Der Schrei ihrer Mutter, die die Löcher in den Gräbern oben bei der Kirche erspähte, reichte vom Kirchenportal bis hin zum Hauptplatz des Nachbardorfes. Er war das gellende Signal zum Angriff und beschwor einen Gewittersturm an Furor herauf, dem wir nur durch hasenartige, spontane Flucht in den hinter uns liegenden Heuschober entkamen. Mit einem solchen Ansturm hatten wir nicht gerechnet und auch nicht damit, dass die Meute am anderen Ende des Bretterverschlages auf uns wartete. Wir waren eingekreist und während wir uns hinter den Mähdrescher duckten, evaluierten wir die Lage.
Der Mob war uns auf den Fersen, unser Laden gestürmt und unsere Allianz zerbrochen. Die Geschäftsidee hatte einen Nerv getroffen, wenn auch auf andere Weise als erwartet. Jeder würde sein Heil in der Flucht suchen müssen und wenn einer in die Hölle käme, würde er den anderen nicht verpetzen. Zumindest nicht sofort.
Wir rannten los.

Meine Hölle sollte unsere Garage gegenüber sein, in die ich mich durch eine lose Planke in der Wand flüchten konnte. Dort kauerte ich hinter einer alten Matratze an der Stirnseite und atmete leise.
Ob man die Blumen nach Anbruch der Dunkelheit wieder zurück bringen konnte?
Während ich begann, die nächtliche Abwicklung unseres Ladens zu planen schwollen die aufgebrachten Diskussionen auf dem Dorfplatz bedrohlich an.
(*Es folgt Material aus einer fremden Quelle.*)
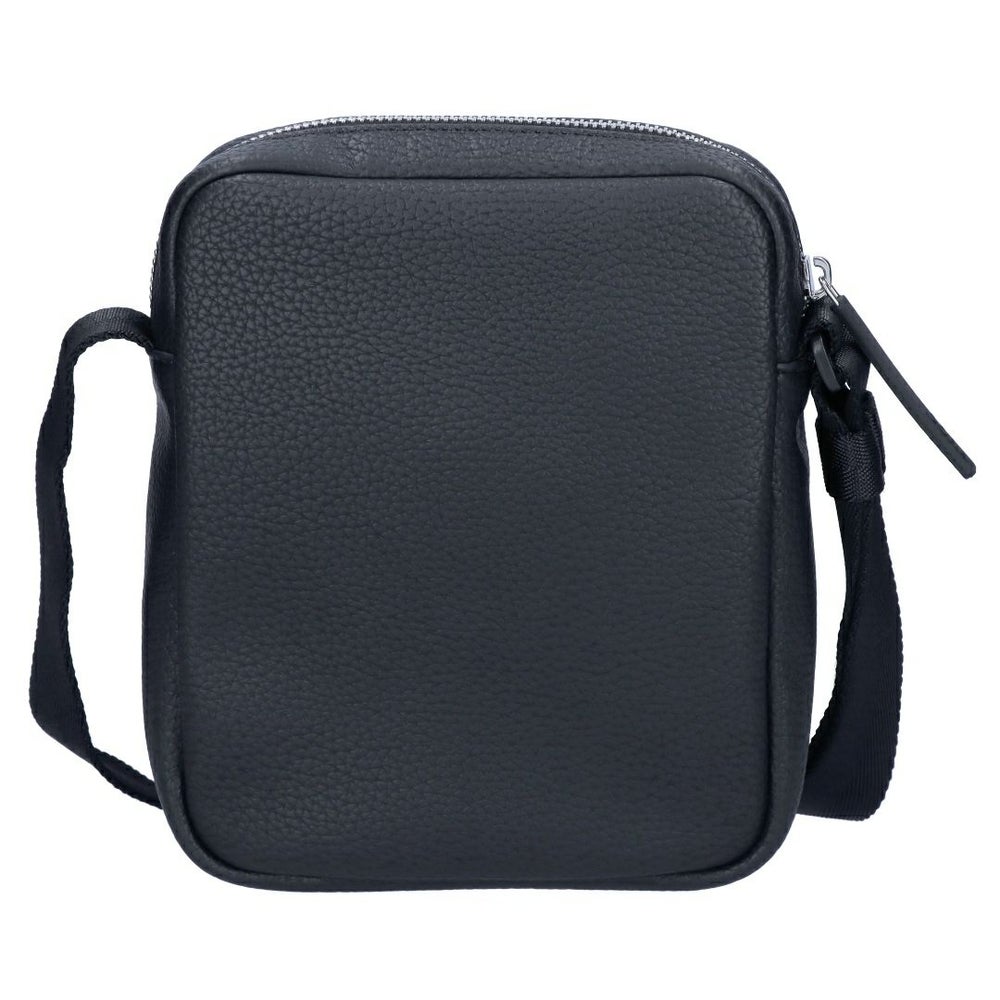 ヒューゴボス HUGO BOSS ショルダーバッグ HUGO RED 50535669 001 BLACK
Ich linste aus meinem Versteck hervor und sah, wie die Hortensie unter Zeter und Mordio zum Friedhof zurück geschafft wurde. Später sollte sich herausstellen, dass die betagte Pflanze des Bürgermeisters tatsächlich an diesem Tag zu Grabe getragen werden musste.

Als sich die Garagentür ruckartig noch einen Spalt weiter öffnete, konnte ich gerade noch meinen Kopf einziehen,
Christines Mutter, vor Zorn und Empörung bebend, atmete schwer als ihre Augen meine kugelsichere Matratze durchbohrten.
Was dann folgte bescherte mir den ersten Tinnitus meines Lebens. In wilder Verzweiflung hatte sie bereits ihre Tochter zu Hausarrest und Abbitte beim Pfarrer verdammt. Nun schrie sie ihre gesamte Wut und Hochnotpeinlichkeit gegen die Wände, die widerhallten wie der Klangkörper einer Kesselpauke. Selbst wenn ich versucht hätte, meine Kumpanin und Geschäftspartnerin zu verpfeifen – niemand hätte auch nur ein Sterbenswörtchen gehört.

Obwohl ich an nichts glaubte, begann ich zu beten.

Unser Gebaren auf dem Friedhof schien immerhin so viel Wirkung auf andere gehabt zu haben, dass weder Christines Erziehungsberechtigte noch andere es wagten, bis zu meinem Matratzenversteck vorzudringen. Vermutlich fürchtete man, die ungetaufte Zugezogene würde sonst ihren Wahnwitz direkt bei Berührung übertragen.
Als die wutentbrannte Nachbarin abrupt inne hielt um die Tür mit einem wütenden Knall zuzuschieben war die Temperatur im feuchten Raum um mehrere Grad gestiegen.

Stunden später entdeckte mich meine Mutter. Mit Erleichterung nahm ich zur Kenntnis, dass sie mir meinen mangelnden Geschäftssinn grundsätzlich nachsah und ihre Standpauke in Zimmerlautstärke abhielt.

Ihre Hände waren braun von Erde als sie mich nach Hause brachte.